*** Opening Data for analysis ***

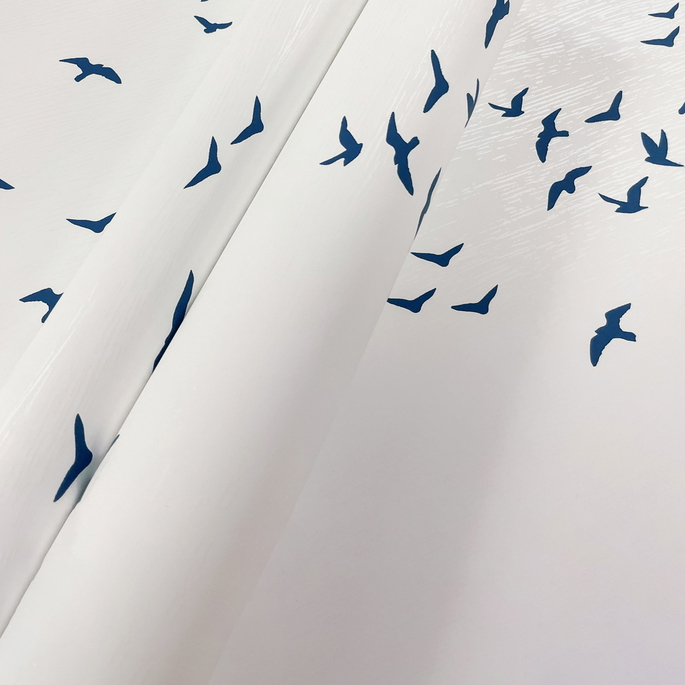 NextWall Peel &amp; Stick Birds in Flight Navy Blue Wallpaper image 2 of 5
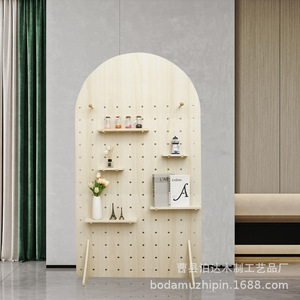 Wooden Arched Pegboard Screen Standing Partition Multifunctional Storage Shelf For Entryway Room Divider - Product Image 2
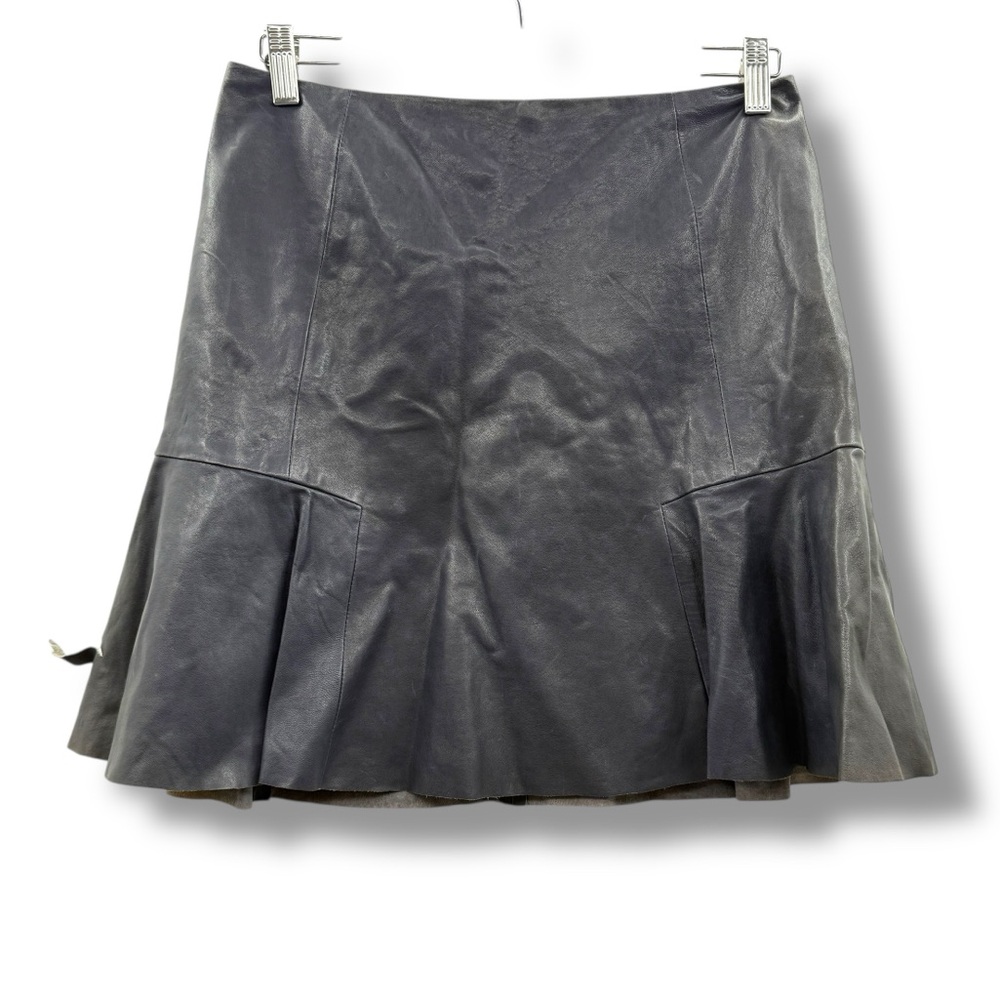 DKNY NWT Lamb Leather‎ A-Line Skirt Women’s Size 4 Cadet Blue FLAWED READ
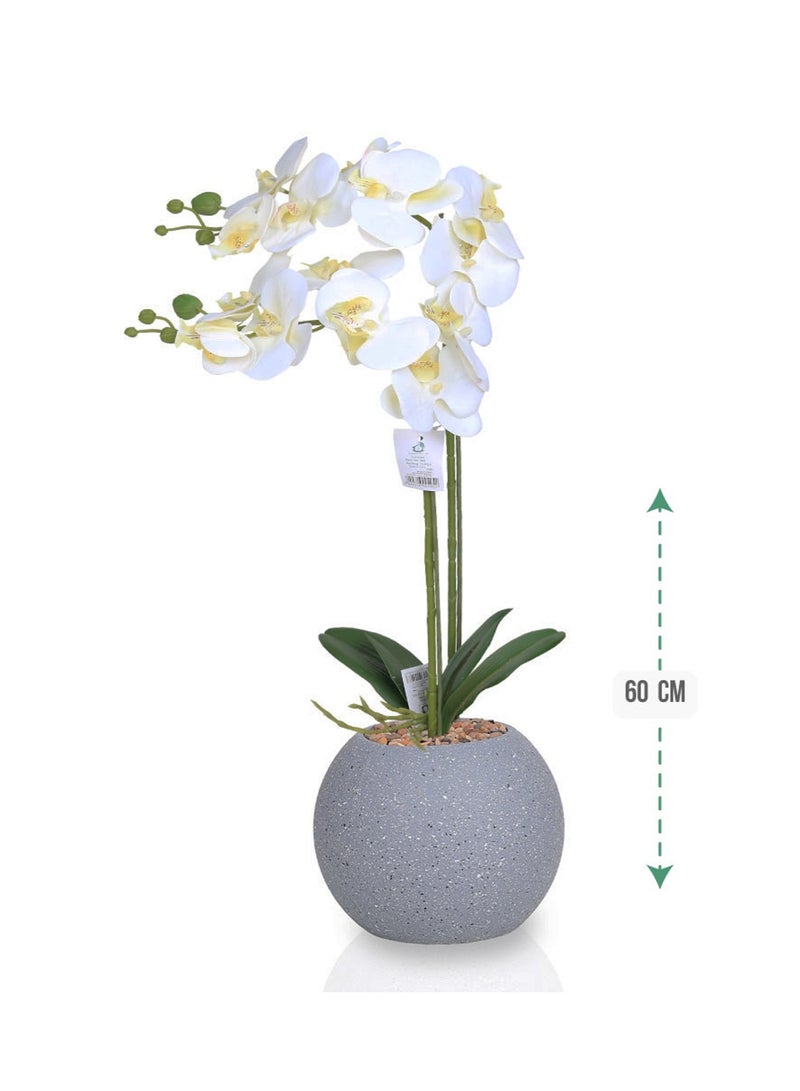 تالا نبتة أوركيد صناعية بارتفاع 60 سم – بتصميم واقعي مع حوض ديكوري أنيق للديكور الداخلي - Image 2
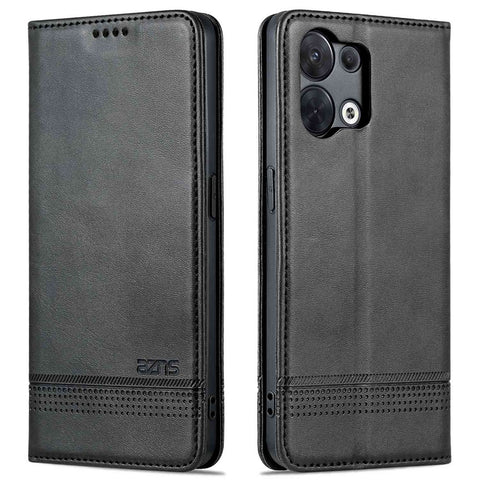 AZNS for Oppo Reno8 5G (Global Version) / Oppo Reno8 5G Anti-fall PU Leather Folio Phone Case Wallet Magnetic Absorption Full Covering Phone Shell Viewing Stand
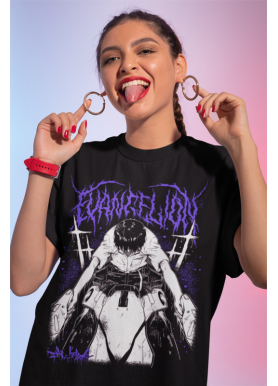 Футболка з аніме принтом Євангеліон оверсайз (S/M/L) Чорний AnimeJ0111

*** Closing Data for analysis ***

**Exercise objective:** Quote verbatim every line starting at the line that contains "DKNY NWT Lamb" and ending with the last line of the records; omit all pictures.

**Result:**
 DKNY NWT Lamb Leather‎ A-Line Skirt Women’s Size 4 Cadet Blue FLAWED READ
 تالا نبتة أوركيد صناعية بارتفاع 60 سم – بتصميم واقعي مع حوض ديكوري أنيق للديكور الداخلي - Image 2
 AZNS for Oppo Reno8 5G (Global Version) / Oppo Reno8 5G Anti-fall PU Leather Folio Phone Case Wallet Magnetic Absorption Full Covering Phone Shell Viewing Stand
 Футболка з аніме принтом Євангеліон оверсайз (S/M/L) Чорний AnimeJ0111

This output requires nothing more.